BRIEF:
Could you transcribe every entry exactly, leaving nothing out?

Records from a collection
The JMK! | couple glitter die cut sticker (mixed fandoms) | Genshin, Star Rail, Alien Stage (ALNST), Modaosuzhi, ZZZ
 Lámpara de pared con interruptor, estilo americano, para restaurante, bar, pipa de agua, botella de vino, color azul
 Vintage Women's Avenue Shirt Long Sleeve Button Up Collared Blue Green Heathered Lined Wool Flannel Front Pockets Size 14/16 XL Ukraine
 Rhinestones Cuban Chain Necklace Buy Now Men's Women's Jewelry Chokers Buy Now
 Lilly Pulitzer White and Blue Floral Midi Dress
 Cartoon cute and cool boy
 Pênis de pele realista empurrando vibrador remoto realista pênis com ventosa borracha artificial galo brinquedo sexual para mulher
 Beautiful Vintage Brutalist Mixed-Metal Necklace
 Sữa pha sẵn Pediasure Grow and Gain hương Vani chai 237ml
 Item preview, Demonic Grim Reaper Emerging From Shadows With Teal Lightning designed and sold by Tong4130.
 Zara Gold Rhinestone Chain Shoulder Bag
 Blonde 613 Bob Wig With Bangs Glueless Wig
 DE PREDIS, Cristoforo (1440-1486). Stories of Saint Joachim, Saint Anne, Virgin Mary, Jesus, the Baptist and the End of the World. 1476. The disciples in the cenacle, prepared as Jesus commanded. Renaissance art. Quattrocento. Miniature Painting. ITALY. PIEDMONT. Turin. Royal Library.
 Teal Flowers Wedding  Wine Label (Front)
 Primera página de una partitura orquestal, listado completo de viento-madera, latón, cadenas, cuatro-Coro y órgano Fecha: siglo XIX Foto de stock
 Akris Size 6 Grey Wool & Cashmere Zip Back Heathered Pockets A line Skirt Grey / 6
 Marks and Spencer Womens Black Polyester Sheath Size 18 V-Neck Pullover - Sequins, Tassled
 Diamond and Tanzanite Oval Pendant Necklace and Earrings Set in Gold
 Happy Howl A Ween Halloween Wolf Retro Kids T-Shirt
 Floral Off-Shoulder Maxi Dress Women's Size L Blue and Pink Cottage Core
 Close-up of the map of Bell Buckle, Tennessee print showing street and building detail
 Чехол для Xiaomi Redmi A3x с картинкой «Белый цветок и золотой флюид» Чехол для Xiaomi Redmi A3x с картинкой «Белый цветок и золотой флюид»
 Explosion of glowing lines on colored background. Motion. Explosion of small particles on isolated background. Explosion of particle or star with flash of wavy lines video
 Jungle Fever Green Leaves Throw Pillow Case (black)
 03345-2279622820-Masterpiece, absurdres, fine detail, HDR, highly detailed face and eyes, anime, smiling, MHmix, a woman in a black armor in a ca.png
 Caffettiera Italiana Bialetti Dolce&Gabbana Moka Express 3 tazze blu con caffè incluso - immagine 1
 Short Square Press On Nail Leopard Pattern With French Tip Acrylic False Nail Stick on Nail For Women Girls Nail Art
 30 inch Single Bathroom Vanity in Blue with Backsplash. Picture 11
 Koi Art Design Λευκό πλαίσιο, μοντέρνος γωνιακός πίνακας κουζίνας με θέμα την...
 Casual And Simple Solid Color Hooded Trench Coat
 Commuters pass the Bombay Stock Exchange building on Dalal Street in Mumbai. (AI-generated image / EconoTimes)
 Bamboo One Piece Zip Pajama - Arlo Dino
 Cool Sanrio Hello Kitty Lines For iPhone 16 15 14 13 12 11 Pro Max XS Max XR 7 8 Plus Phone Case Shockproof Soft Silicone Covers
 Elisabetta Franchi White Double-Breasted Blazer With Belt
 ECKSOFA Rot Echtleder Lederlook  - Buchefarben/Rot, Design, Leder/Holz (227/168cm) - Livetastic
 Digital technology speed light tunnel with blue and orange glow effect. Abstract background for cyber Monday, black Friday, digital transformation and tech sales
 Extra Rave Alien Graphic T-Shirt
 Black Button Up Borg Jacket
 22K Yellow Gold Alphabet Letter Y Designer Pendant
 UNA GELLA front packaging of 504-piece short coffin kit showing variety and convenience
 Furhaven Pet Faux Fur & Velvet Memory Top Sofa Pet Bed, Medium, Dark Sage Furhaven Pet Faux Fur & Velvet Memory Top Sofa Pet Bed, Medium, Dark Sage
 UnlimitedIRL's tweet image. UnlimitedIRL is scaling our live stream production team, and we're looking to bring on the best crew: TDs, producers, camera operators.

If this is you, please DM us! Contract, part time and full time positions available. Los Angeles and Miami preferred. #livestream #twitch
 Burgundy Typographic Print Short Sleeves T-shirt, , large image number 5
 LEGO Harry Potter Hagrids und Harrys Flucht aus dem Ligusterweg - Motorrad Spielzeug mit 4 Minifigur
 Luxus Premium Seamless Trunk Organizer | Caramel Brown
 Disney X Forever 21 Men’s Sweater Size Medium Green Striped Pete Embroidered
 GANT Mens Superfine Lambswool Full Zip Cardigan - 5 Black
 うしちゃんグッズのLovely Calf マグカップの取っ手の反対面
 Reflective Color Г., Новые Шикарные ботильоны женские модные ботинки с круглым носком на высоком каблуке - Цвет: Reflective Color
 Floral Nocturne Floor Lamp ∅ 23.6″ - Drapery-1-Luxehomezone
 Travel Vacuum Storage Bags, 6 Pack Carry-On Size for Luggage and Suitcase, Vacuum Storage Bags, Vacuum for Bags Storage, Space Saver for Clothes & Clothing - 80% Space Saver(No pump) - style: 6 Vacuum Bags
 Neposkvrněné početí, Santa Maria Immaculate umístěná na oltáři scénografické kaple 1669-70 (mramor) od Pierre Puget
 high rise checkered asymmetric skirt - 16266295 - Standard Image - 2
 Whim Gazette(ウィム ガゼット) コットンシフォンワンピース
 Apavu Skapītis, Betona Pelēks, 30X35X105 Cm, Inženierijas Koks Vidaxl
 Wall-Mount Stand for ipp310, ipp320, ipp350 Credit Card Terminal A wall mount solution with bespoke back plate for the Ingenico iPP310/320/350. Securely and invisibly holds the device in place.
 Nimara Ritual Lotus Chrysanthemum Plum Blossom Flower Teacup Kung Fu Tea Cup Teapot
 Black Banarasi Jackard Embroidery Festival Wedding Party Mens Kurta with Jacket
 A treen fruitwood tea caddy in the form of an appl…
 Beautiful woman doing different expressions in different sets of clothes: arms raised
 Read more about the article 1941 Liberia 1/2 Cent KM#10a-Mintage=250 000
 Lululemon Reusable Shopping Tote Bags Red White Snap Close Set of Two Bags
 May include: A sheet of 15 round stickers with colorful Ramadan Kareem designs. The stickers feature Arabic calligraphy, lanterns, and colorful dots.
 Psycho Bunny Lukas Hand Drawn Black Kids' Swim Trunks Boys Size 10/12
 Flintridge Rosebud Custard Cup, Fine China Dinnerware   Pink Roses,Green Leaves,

RESULT FOR THIS EXERCISE:
The JMK! | couple glitter die cut sticker (mixed fandoms) | Genshin, Star Rail, Alien Stage (ALNST), Modaosuzhi, ZZZ
 Lámpara de pared con interruptor, estilo americano, para restaurante, bar, pipa de agua, botella de vino, color azul
 Vintage Women's Avenue Shirt Long Sleeve Button Up Collared Blue Green Heathered Lined Wool Flannel Front Pockets Size 14/16 XL Ukraine
 Rhinestones Cuban Chain Necklace Buy Now Men's Women's Jewelry Chokers Buy Now
 Lilly Pulitzer White and Blue Floral Midi Dress
 Cartoon cute and cool boy
 Pênis de pele realista empurrando vibrador remoto realista pênis com ventosa borracha artificial galo brinquedo sexual para mulher
 Beautiful Vintage Brutalist Mixed-Metal Necklace
 Sữa pha sẵn Pediasure Grow and Gain hương Vani chai 237ml
 Item preview, Demonic Grim Reaper Emerging From Shadows With Teal Lightning designed and sold by Tong4130.
 Zara Gold Rhinestone Chain Shoulder Bag
 Blonde 613 Bob Wig With Bangs Glueless Wig
 DE PREDIS, Cristoforo (1440-1486). Stories of Saint Joachim, Saint Anne, Virgin Mary, Jesus, the Baptist and the End of the World. 1476. The disciples in the cenacle, prepared as Jesus commanded. Renaissance art. Quattrocento. Miniature Painting. ITALY. PIEDMONT. Turin. Royal Library.
 Teal Flowers Wedding  Wine Label (Front)
 Primera página de una partitura orquestal, listado completo de viento-madera, latón, cadenas, cuatro-Coro y órgano Fecha: siglo XIX Foto de stock
 Akris Size 6 Grey Wool & Cashmere Zip Back Heathered Pockets A line Skirt Grey / 6
 Marks and Spencer Womens Black Polyester Sheath Size 18 V-Neck Pullover - Sequins, Tassled
 Diamond and Tanzanite Oval Pendant Necklace and Earrings Set in Gold
 Happy Howl A Ween Halloween Wolf Retro Kids T-Shirt
 Floral Off-Shoulder Maxi Dress Women's Size L Blue and Pink Cottage Core
 Close-up of the map of Bell Buckle, Tennessee print showing street and building detail
 Чехол для Xiaomi Redmi A3x с картинкой «Белый цветок и золотой флюид» Чехол для Xiaomi Redmi A3x с картинкой «Белый цветок и золотой флюид»
 Explosion of glowing lines on colored background. Motion. Explosion of small particles on isolated background. Explosion of particle or star with flash of wavy lines video
 Jungle Fever Green Leaves Throw Pillow Case (black)
 03345-2279622820-Masterpiece, absurdres, fine detail, HDR, highly detailed face and eyes, anime, smiling, MHmix, a woman in a black armor in a ca.png
 Caffettiera Italiana Bialetti Dolce&Gabbana Moka Express 3 tazze blu con caffè incluso - immagine 1
 Short Square Press On Nail Leopard Pattern With French Tip Acrylic False Nail Stick on Nail For Women Girls Nail Art
 30 inch Single Bathroom Vanity in Blue with Backsplash. Picture 11
 Koi Art Design Λευκό πλαίσιο, μοντέρνος γωνιακός πίνακας κουζίνας με θέμα την...
 Casual And Simple Solid Color Hooded Trench Coat
 Commuters pass the Bombay Stock Exchange building on Dalal Street in Mumbai. (AI-generated image / EconoTimes)
 Bamboo One Piece Zip Pajama - Arlo Dino
 Cool Sanrio Hello Kitty Lines For iPhone 16 15 14 13 12 11 Pro Max XS Max XR 7 8 Plus Phone Case Shockproof Soft Silicone Covers
 Elisabetta Franchi White Double-Breasted Blazer With Belt
 ECKSOFA Rot Echtleder Lederlook  - Buchefarben/Rot, Design, Leder/Holz (227/168cm) - Livetastic
 Digital technology speed light tunnel with blue and orange glow effect. Abstract background for cyber Monday, black Friday, digital transformation and tech sales
 Extra Rave Alien Graphic T-Shirt
 Black Button Up Borg Jacket
 22K Yellow Gold Alphabet Letter Y Designer Pendant
 UNA GELLA front packaging of 504-piece short coffin kit showing variety and convenience
 Furhaven Pet Faux Fur & Velvet Memory Top Sofa Pet Bed, Medium, Dark Sage Furhaven Pet Faux Fur & Velvet Memory Top Sofa Pet Bed, Medium, Dark Sage
 UnlimitedIRL's tweet image. UnlimitedIRL is scaling our live stream production team, and we're looking to bring on the best crew: TDs, producers, camera operators.

If this is you, please DM us! Contract, part time and full time positions available. Los Angeles and Miami preferred. #livestream #twitch
 Burgundy Typographic Print Short Sleeves T-shirt, , large image number 5
 LEGO Harry Potter Hagrids und Harrys Flucht aus dem Ligusterweg - Motorrad Spielzeug mit 4 Minifigur
 Luxus Premium Seamless Trunk Organizer | Caramel Brown
 Disney X Forever 21 Men’s Sweater Size Medium Green Striped Pete Embroidered
 GANT Mens Superfine Lambswool Full Zip Cardigan - 5 Black
 うしちゃんグッズのLovely Calf マグカップの取っ手の反対面
 Reflective Color Г., Новые Шикарные ботильоны женские модные ботинки с круглым носком на высоком каблуке - Цвет: Reflective Color
 Floral Nocturne Floor Lamp ∅ 23.6″ - Drapery-1-Luxehomezone
 Travel Vacuum Storage Bags, 6 Pack Carry-On Size for Luggage and Suitcase, Vacuum Storage Bags, Vacuum for Bags Storage, Space Saver for Clothes & Clothing - 80% Space Saver(No pump) - style: 6 Vacuum Bags
 Neposkvrněné početí, Santa Maria Immaculate umístěná na oltáři scénografické kaple 1669-70 (mramor) od Pierre Puget
 high rise checkered asymmetric skirt - 16266295 - Standard Image - 2
 Whim Gazette(ウィム ガゼット) コットンシフォンワンピース
 Apavu Skapītis, Betona Pelēks, 30X35X105 Cm, Inženierijas Koks Vidaxl
 Wall-Mount Stand for ipp310, ipp320, ipp350 Credit Card Terminal A wall mount solution with bespoke back plate for the Ingenico iPP310/320/350. Securely and invisibly holds the device in place.
 Nimara Ritual Lotus Chrysanthemum Plum Blossom Flower Teacup Kung Fu Tea Cup Teapot
 Black Banarasi Jackard Embroidery Festival Wedding Party Mens Kurta with Jacket
 A treen fruitwood tea caddy in the form of an appl…
 Beautiful woman doing different expressions in different sets of clothes: arms raised
 Read more about the article 1941 Liberia 1/2 Cent KM#10a-Mintage=250 000
 Lululemon Reusable Shopping Tote Bags Red White Snap Close Set of Two Bags
 May include: A sheet of 15 round stickers with colorful Ramadan Kareem designs. The stickers feature Arabic calligraphy, lanterns, and colorful dots.
 Psycho Bunny Lukas Hand Drawn Black Kids' Swim Trunks Boys Size 10/12
 Flintridge Rosebud Custard Cup, Fine China Dinnerware   Pink Roses,Green Leaves,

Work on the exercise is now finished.